The thing I’m dying to know is which judge signed me off. Could it be the same hateful, monstrous, ruthless Judge H? That’d be hard to believe. I mean, it’d take a major personality change on his part to have an ounce of compassion for me, a Jew. I wasn’t only a Jew, I was a Jew with a black against her in a state where they’re as adored as they are loathed in a place like Texas. If I don’t receive anything in the mail, we’ll get a copy of the fax from Scot. In fact, I’ll leave a message on his answering machine because I’m really curious to see who was present when this went before the judge. I’d pretty much bet that everyone who was at the sentencing was there except for the public defender. If it was Judge H that set me free, I still resent him greatly. I mean, yes it’s great that he finally did the right thing, but he’s two years too late. He could’ve stopped it right there on October 30th of ‘00 and he had every right to do so, but he didn’t, so he hasn’t won any gratitude or admiration from me, that’s for sure. Nothing can change what’s been done to me. Things have been done to help along the way and now I’ve been given a break, but it can’t undo the past 2½ years. I will never forget. I will never forgive. Forgiving has been my downfall in the past. Something I’ll never again be suckered into doing so as not to be fucked with all over again, but they can’t fuck with me all over again. Not legally anyway. There’s no way they could appeal and reinstate the probation as far as I know. The judge is God from start to finish. What he says goes, like it or not, and once again, I know those assholes do not like it. Not one bit. Tough shit, though. Yeah, you lose, you mother-fucking, scum-sucking welfare bums, you lose! Your days of victimizing me are forever over!
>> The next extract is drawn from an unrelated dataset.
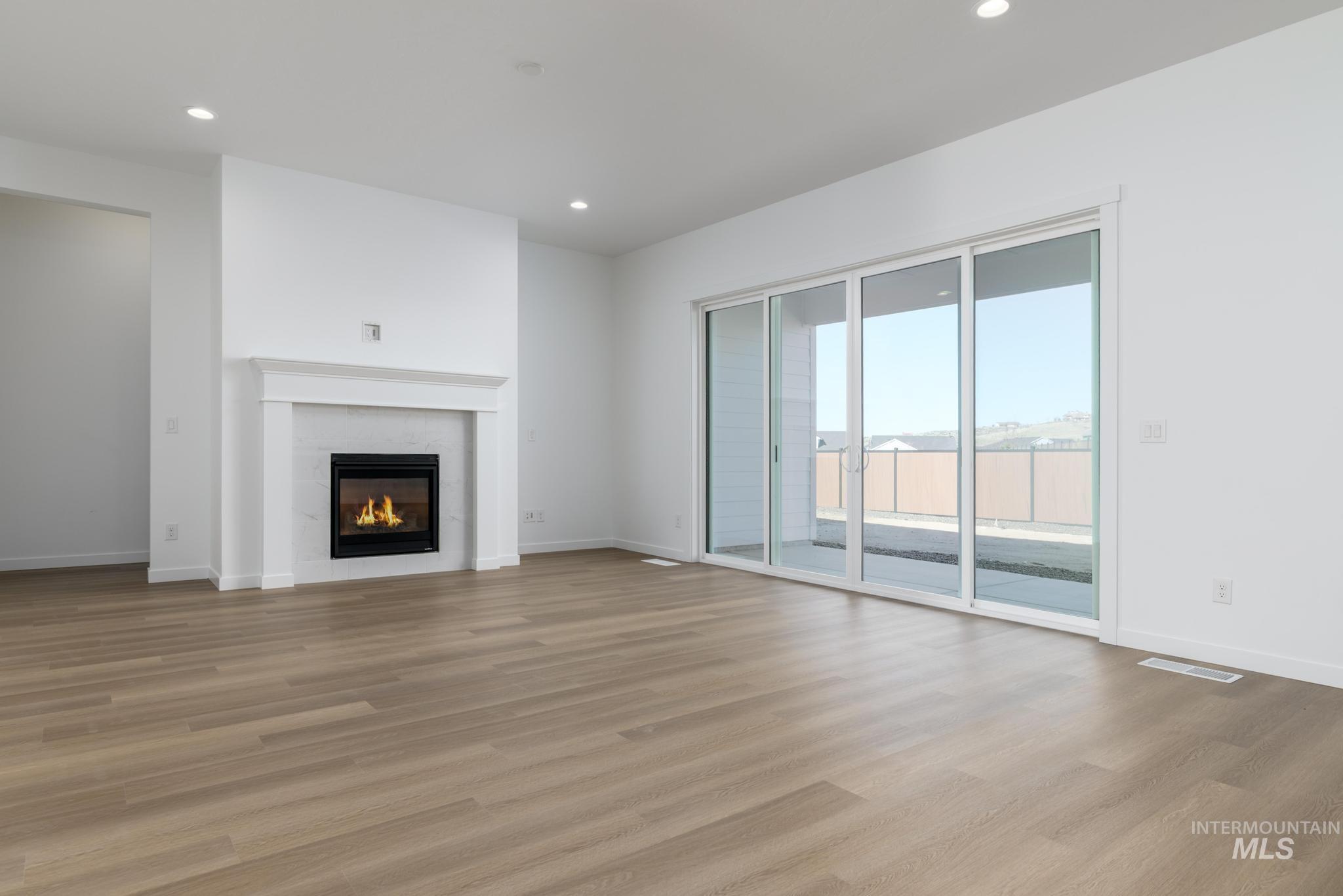 Unfurnished living room with recessed lighting, light wood-style flooring, and a tiled fireplace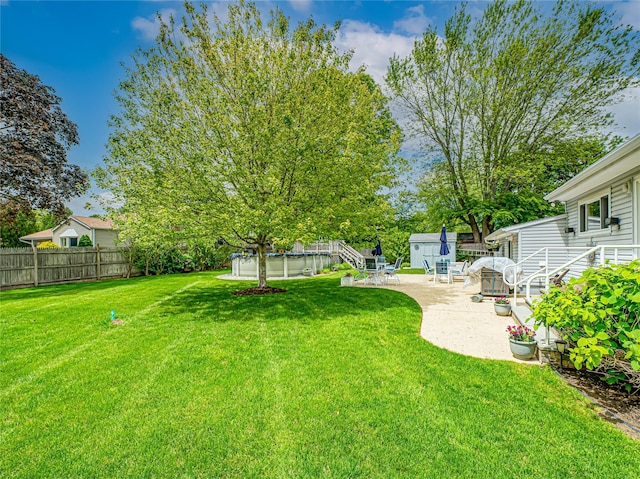 964 Manor Ln, Bay Shore, NY 11706 - view of yard featuring a patio area and an outdoor structure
Speaking of God, do I have any gratitude for him now? Nope. Once again, he never should’ve let this happen in the first place. He could’ve protected me and spared me the hell I’ve been through, but he didn’t.
Tom thinks that Scot might’ve known something was going to happen and that that’s why he cut my reports. Well, he didn’t act like he knew anything was up, though I was shocked as hell that he cut my reports. I wonder, though, would this have happened anyway? Or was it because of Scot’s recommendation?
It wouldn’t surprise me if I made the papers again with the media crying out about how the poor, poor welfare bums got such a raw deal in life, screwed over once again by the “white man.” Wouldn’t that be funny? Yeah, Channel 3, wanna come ask me if I’m a racist now? Hey, I don’t discriminate, I hate everyone equally!
After Tom went back to bed, I paced throughout the house grinning like a mad idiot. I laughed and cried tears of joy and relief for hours.
The welfare bums’ money that wasn’t supposed to go to us till November will go to us in May and instead of $40 a month for each of us, we’ll have $60, plus grocery savings. Now’s when they might try to sucker a few extra bucks out of us, but we’ve got receipts to protect ourselves from this greedy, fraudulent state.
I hope I don’t get a letter saying I can do jury duty now that I’m not a little “felon” anymore, but that’s the least of my worries. I’ll still get out of it if I do. I just want to go one full year without hearing from these welfare bums and from Teddy Bear (I never thought I’d say that!), but I’ll settle for not hearing from them for just the rest of the year. I think that may be enough to reassure and console me.
We’re down to watering the plants every other day now to let their roots get established. Tom says that about 4 of the elms are finally starting to sprout leaves. I just hope the sister olies don’t take forever to grow so we can back up anything that dies with those. Once there’s a house to the north of us, it shouldn’t cost any more privacy than next door does, but we’ll lose a hell of a lot of it once there’s a house in front, so we’ll know just what to plant then. I doubt the Sharons will get high enough to give us whatever privacy they do steal.